This year the Chinese New Year celebrations start on January 27, New Year’s Eve. The festivities will end on February 2, but the traditions last around two weeks. 

Chinese New Year

It is the longest holiday on the Chinese calendar.  Chinese New Year’s celebration starts on a different day each year. It always falls somewhere between the end of January and the middle of February. It moves around because it is based on the lunar (moon) calendar and not on the solar (sun) calendar.  There are 365 ¼ days on the solar calendar, so we need to add a day every four years (leap year).  Since the lunar calendar is two days shorter than the solar calendar, it is necessary to add an entire month every few years.

The holiday is steeped in tradition that dates back thousands of years.  There are many myths and superstitions surrounding the Chinese New Year.  The traditions vary among the 23 provinces in China and various countries throughout the world. 

Chinese Zodiac

The Chinese calendar attaches different animals from the zodiac to each lunar year in a cycle of 12 years. This year is the year of the Rooster. If you were born in 1921, 1933, 1945, 1957, 1969, 1981, 1993, 2005, you might be a rooster. If you were born in January or February, you will need to check when the New Year was celebrated that year to see if you belong to the outgoing or incoming zodiac sign. Roosters are the tenth sign of the zodiac and are seen as confident, honest and hardworking. They also enjoy being around people but can be seen as attention seekers.
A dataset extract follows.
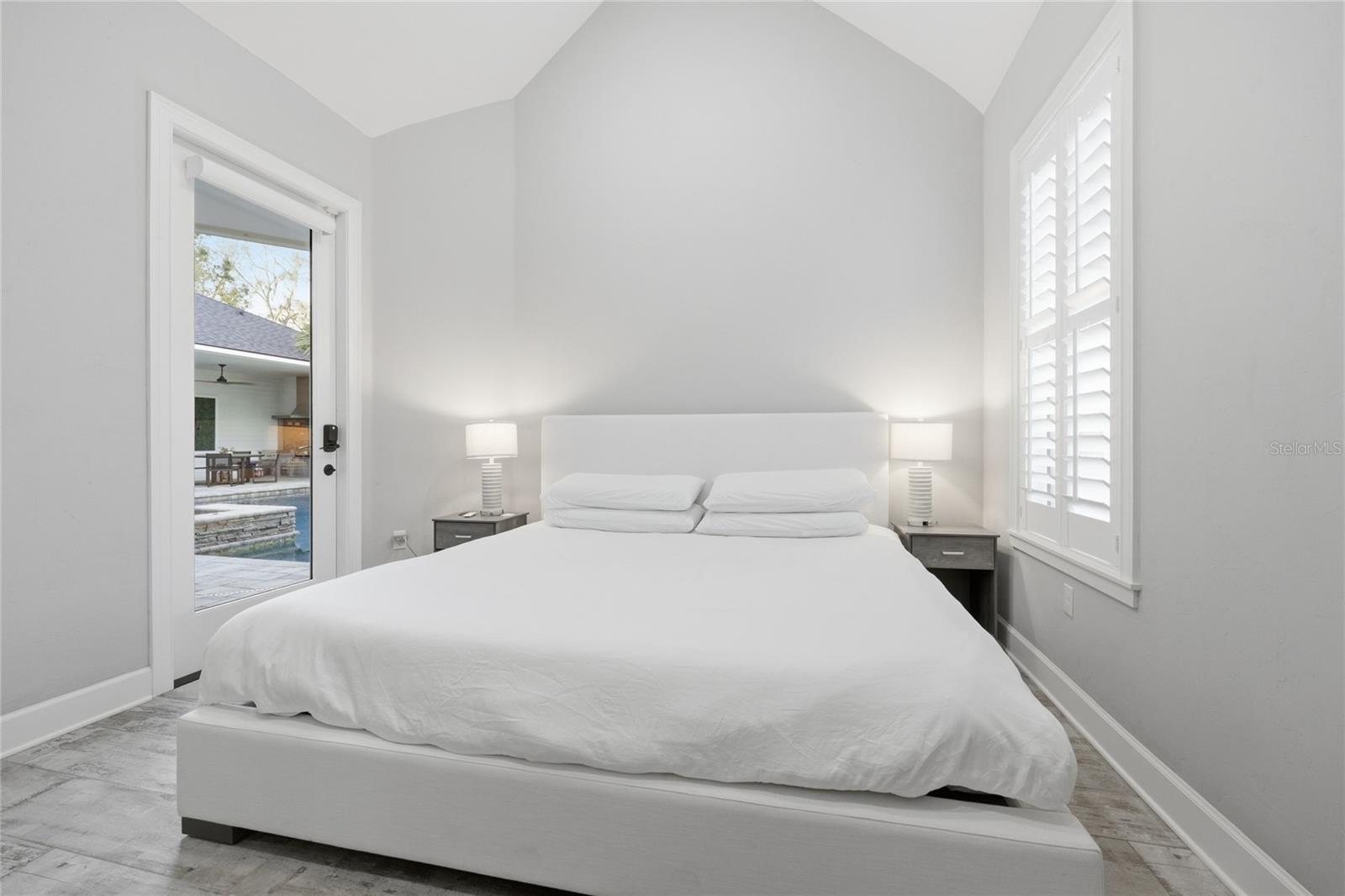 Image 51 of 74 For 1026 120th Drive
I have always thought if you were born in the year of the zodiac sign being celebrated, this was your lucky year.  Just the opposite is true.  According to Chinese tradition, it denotes you have an unlucky year. If you are a Rooster, might want to check out this website for some suggestions on how to improve your luck.
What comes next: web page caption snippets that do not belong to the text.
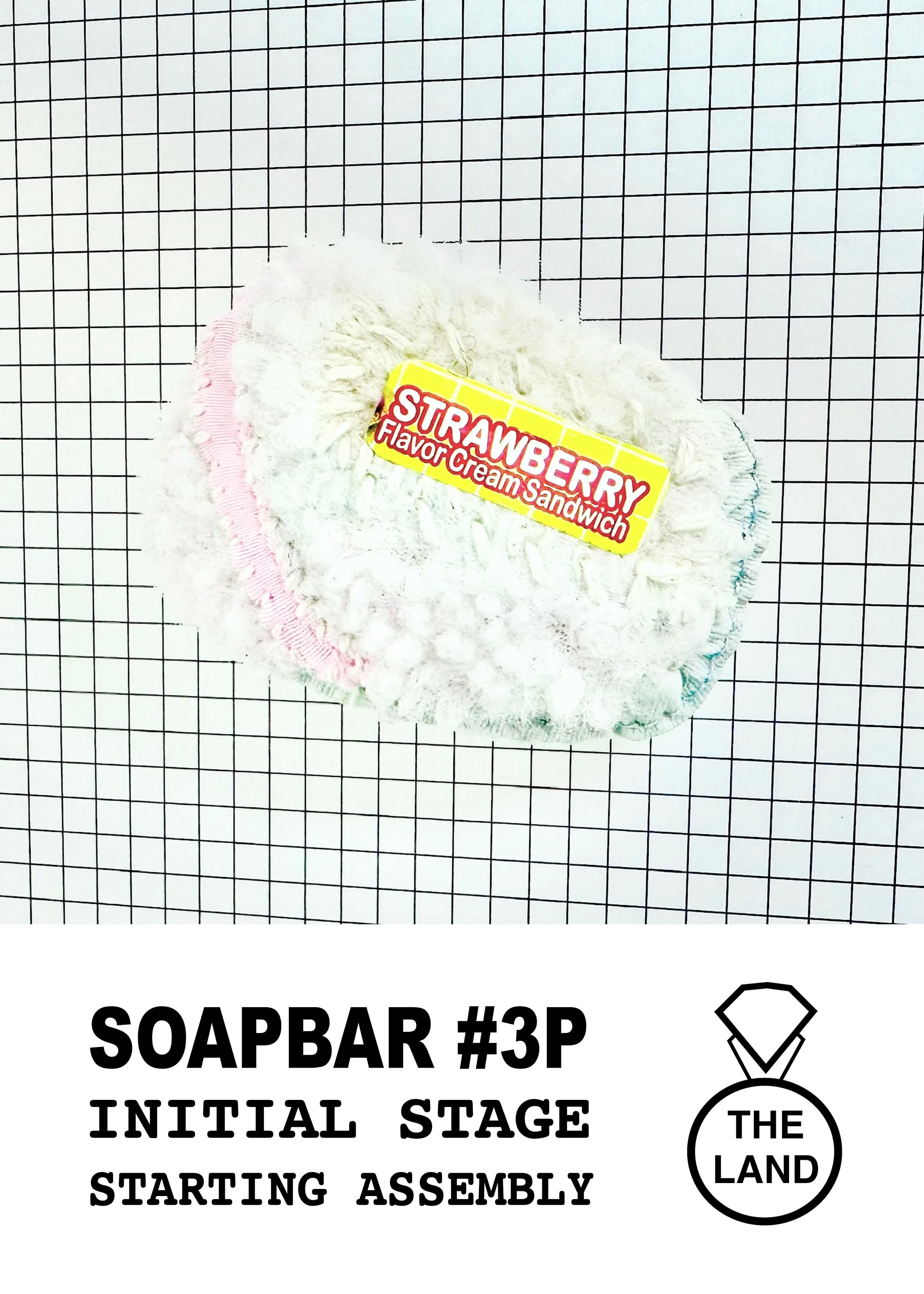 SOAPBAR#3-INITIAL-STAGE.jpg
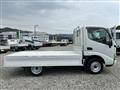 2005 Toyota Toyoace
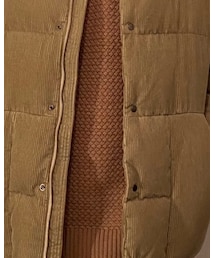 B:MING by BEAMS | ニット/セーター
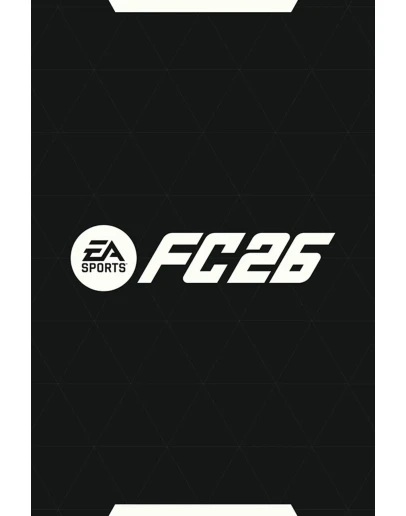 EA Sports FC 26 (FIFA 26) EA App ЛИЦЕНЗИЯ ОФФЛАЙН
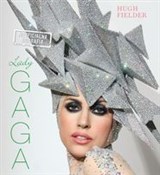 Polnische buch : Lady Gaga ... - Hugh Fielder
https://medium.com/@RM_Abi_/the-year-of-the-rooster-are-you-feeling-clucky-7a6308b8c1e7#.77ymro7fr

How the Holiday is Celebrated

From January 20 – 26, 2017 

Everyone is doing a thorough cleaning of their home, washing away the old. They are busy shopping for decorations, food, and new clothes.

January 27, 2017 New Year’s Eve

Decorations are hung (mostly red for good luck).

Families gather for reunion dinner while watching the festivities on television.  Children are given money in red envelopes to bring them luck.

At midnight the traditional New Year’s Bell is rung driving away bad luck and bringing good fortune.  Firework displays and lighting firecrackers close out the New Year’s Eve celebration.

January 28, 2017 New Year’s Day

Everyone puts on their new red clothes and head out to make sacrifices to their ancestors and watch lion and dragon dances.

January 29, 2017

Married daughters visit their parents home.

January 30 – February 3, 2017

Visit relatives and friends.

February 4, 2017

Most people will return to work.

February 11, 2017

The Lantern Festivals will bring the New Year’s Celebration to an end. Chinese lanterns are lit and set afloat in the air, or on the sea, rivers, or lakes.